Habían pasado algo más de dos años y el rey mostraba su satisfacción por todo el trabajo realizado hasta el momento. De las instrucciones dadas solo quedaba rematar el castigo de las villas y proclamar el perdón general. Para entonces el duque ya sabía que, contra todo lo que había dicho y comunicado, e incluso preparado, don Felipe no iba a emprender su viaje a “sus Estados de Flandes por el mar de Oriente”. El 4 de abril de 1570 el rey escribió en contestación de la licencia que había pedido el duque (CODOIN, IV, p. 523): “Tengais por bien de os quedar y detener en ella el tiempo que fuese menester para las acabar de poner de vuestra mano en el ser y concierto que conviene. […] Y pues la vuestra [cualidad] es tan grande y el amor y celo que tenéis a mi servicio tan particular, yo os encargo mucho ponderéis y penséis esto que aquí se os apunta”.

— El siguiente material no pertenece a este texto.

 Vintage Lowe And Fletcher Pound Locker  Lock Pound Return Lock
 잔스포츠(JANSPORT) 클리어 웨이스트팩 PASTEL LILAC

Leal a su rey, siguió de gobernador de los Países Bajos. Y no fueron la ejecuciones sumarias las que le causaron mayores problemas. Dentro de las costumbres y formas de gobierno de la época, un soberano cumplía su deber al castigar a los súbditos que se rebelaban a su autoridad y socavaban su reputación. Fueron las disposiciones fiscales las que enconaron la situación. Casi nadie estaba dispuesto a pechar con regularidad y, menos aún, a costear la presencia de los ejércitos reales. La confiscación de los bienes de los acusados se fue haciendo más embrollada y contaminada por los más dispares intereses vecinales. En cualquier villa o ciudad aparecían gentes conocidas con el mote de “siete peniques” que cobraban por cada una de las denuncias que presentaban ante la autoridad provincial. Por entonces se inició un guerra civil en la que los nobles, Guillermo de Orange al frente, defendían los viejos privilegios que ya no admitían las nuevas monarquías, de fuerte carácter absolutista. A esa situación tan inestable se añadieron las tensiones religiosas que cada cierto tiempo explotaban en incidentes crecientes en su gravedad. El 1 de abril de 1572, los llamados mendigos del mar tomaron por sorpresa la indefensa ciudad de Brielle. Para la historia nacional, jugando con la pronunciación en neerlandés, fue el día en que “el duque de Alba perdió sus gafas (Bril)”.
Ya todo iría de mal en peor. En Flandes hubo guerra continua, motines, saqueos y el fracaso ante Alkmaar. En Madrid, bancarrotas. El triste destino aguardaba a don Fernando Álvarez de Toledo. Sus enemigos en la corte socavaron su prestigio. El 8 de octubre de 1573 fue sustituido por Luis de Requesens. Su hijo sufrió prisiones, y él destierro en Uceda.
Una eficaz propaganda en los Países Bajos lo convirtió en el arquetipo de tirano, cruel y sanguinario. Maltby lo tiene bien escrito: “A Alba se le recuerda no porque fuera un gran soldado y político, sino porque es un símbolo”.